Lessons #82-85: Lessons from Charleston Part III

by Rachel on May 20, 2011

Friday was definitely my favorite day of vacation. And there were lots of lessons to be learned!

Lesson #82: Hominy Grill is worth the hype — and everyone else will think so too.

We got so many recommendations to try Hominy Grill so we decided to go for breakfast on Friday morning. We figured Friday would be less busy than a Saturday or Sunday morning. If it was, I can’t even imagine how a weekend would be! They actually have a parking lot, but it was full, so we drove around for 15-20 minutes trying to find parking. (It’s in a residential area so street spots weren’t really an option.) Finally Eric dropped me off to put our names on the list while he went back to a metered spot…and as soon as he dropped me off, three spots opened up. I stood in one, acting as a human shield, until he could get back to park.

Once we had our names on the list, we were seated in less than 10 minutes, which was nice. The interior was sunny and rustic without trying too hard. We didn’t have to spend too much time looking at the menu…everything was kind of a no-brainer. We started with coffee (for me), orange juice (for him), and banana and pumpkin bread. The coffee was good, the banana bread was really good, and the pumpkin bread was just on a whole new level — the best I’ve ever tasted.

Sticking with Eric’s “we can’t order the same thing” rule — I actually didn’t fight him for the right to order the Big Nasty.

Yes, that is, in fact, a piece of fried chicken betwixt those biscuits and smothered in gravy.

Holy hell.

But I had other things on my mind. The day’s special turned out to be my dream come true, considering I sat down and thought, “I want a biscuit and gravy…with eggs on the side?”

Well, hello, two poached eggs on a biscuit, smothered in herbed gravy.

There really are no words for how good that breakfast was.

We were in and out really fast, although I didn’t feel rushed at all…just incredibly satisfied and happy as we headed out into the morning. I love going out for a really good breakfast — not brunch, there is a huge difference — and I loved everything about Hominy Grill. I was so pleased when we left, Eric told me to “wipe the shit-eating grin” off my face.

I refused.

Lesson #83: Make time to visit a plantation.

From breakfast, we took a half-hour drive in our sweet rental car (another lesson — don’t rent from Hertz because it’s wildly overpriced to drive a teeny tiny little Toyota that had me telling Eric, “Well, at least in this car everyone must think, Wow, that guy must have a huge dick) out to Magnolia Plantation and Gardens.

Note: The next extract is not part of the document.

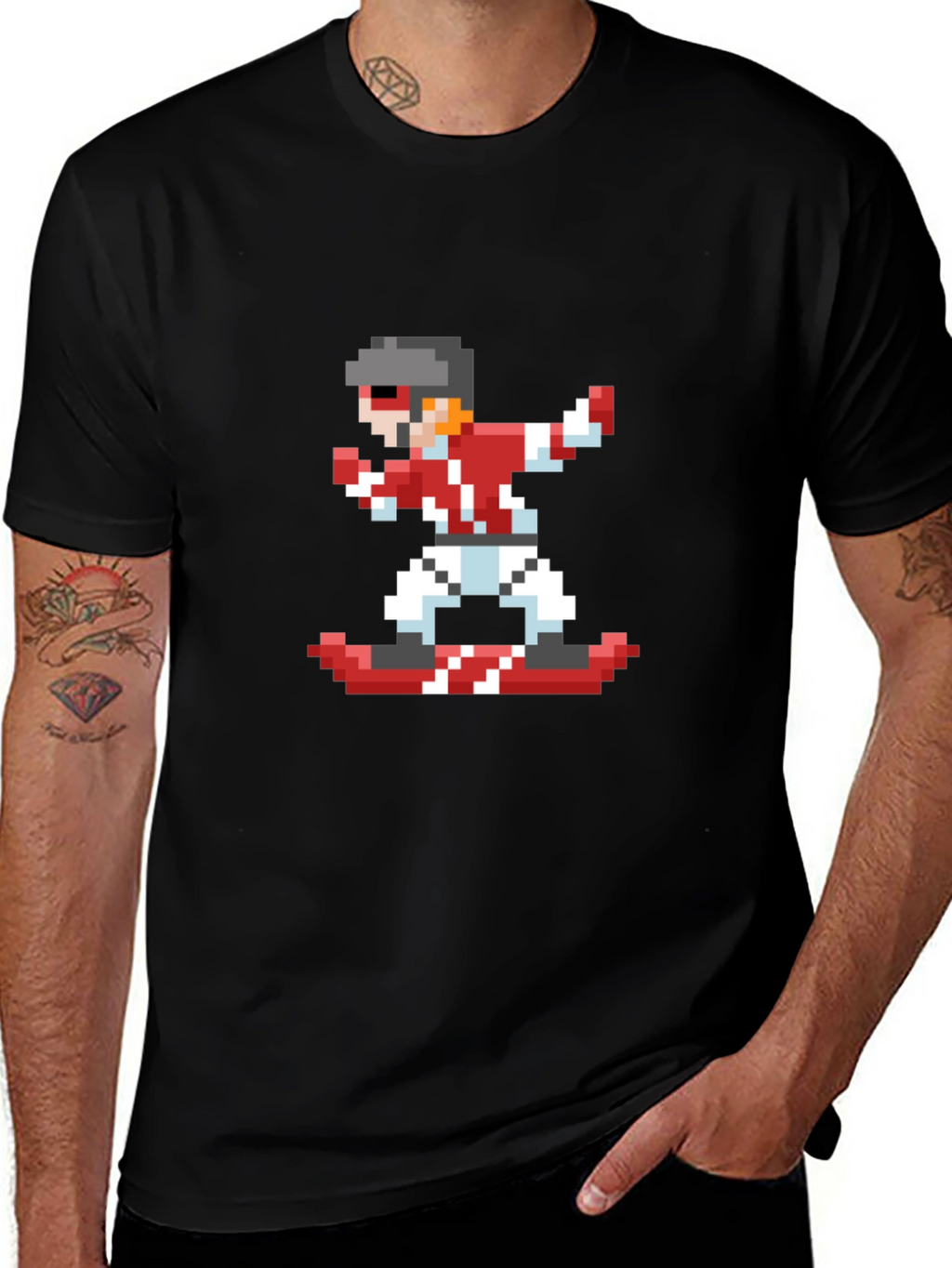 Pixel Snowboarder Black T-Shirt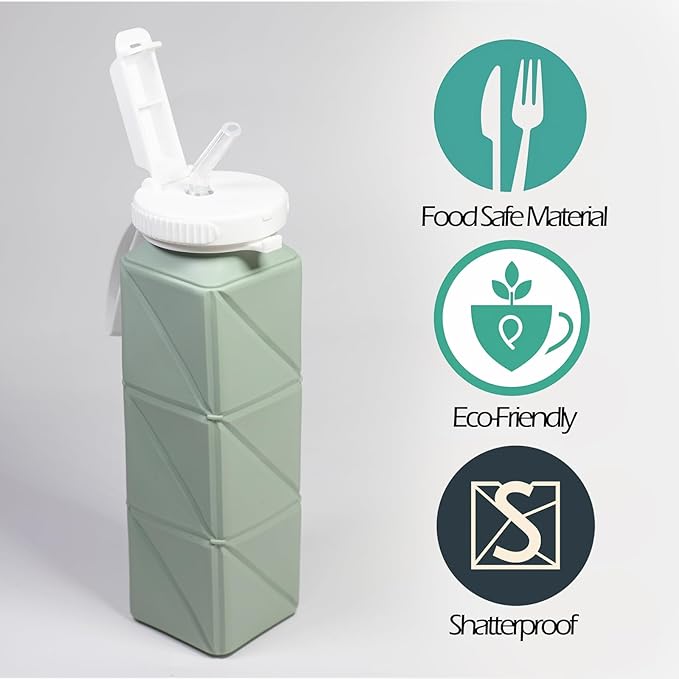 Collapsible Water Bottle, Silicone Foldable Water Bottles For Travel, Easy-To-Carry Design And Compact Size, BPA Free, 20 oz (4-Pack, 4 Colors (Cuboid))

So we got to the ticket counter, and while I was lost in thought, I was totally thinking I shouldn’t have to pay to get in — or, well, I should get 50 percent off — because HELLO REPARATIONS?! when the woman at the ticket counter smiled at me.

“You’re just so beautiful,” she said. “I keep looking at you because you have such a natural beauty about you.”

“Oh, thank you!” I said. I mean, a girl loves a compliment, right?! But then I had an inkling…

Wait for it…

“You just have that beautiful natural tan!” she said.


I am not entirely sure what she meant by “natural tan” and while I pondered this, Eric and I avoided making eye contact because that would have meant we would have laughed…and this woman was really nice so I didn’t really want to be an asshole and explain that my “natural tan” was beautiful actually for the same reason Magnolia Gardens are beautiful — you know…because of our African-American friends.

Unoffended by this — seriously! — we headed to browse the gardens while we waited for our tours to begin.

The gardens were breathtaking.

Wandering through them was like being in a dream.

magnolia flower

(See more pictures here!)

Lesson #84: Pay the extra $8 to go on the cabin tour.

There are a lot of plantations in the area but I was partial to Magnolia because their website described about their unique slave cabin experience. I didn’t really know what that meant, but I felt like it was important. And I don’t know what the other plantations are like, but when the website says, “this ain’t your grandma’s old-time slavery tour,” I’m there.

You pay $15 just for access to the gardens anything else you want to do is extra. We paid the extra for the house tour and for the cabin tour, but I’m not sure everyone would because they might not think it’s worth it…and that’s a serious shame. I think the cabin tour just needs to be included in the price (even if they raise the price) because the cabin tour was my favorite part of the whole trip. And it seems wrong and inappropriate to me to see the gardens or the house without seeing the cabins. Yes, the gardens and the house are beautiful, and it’s easy to get caught up in the romance of it all, but you need to think about how it got that way.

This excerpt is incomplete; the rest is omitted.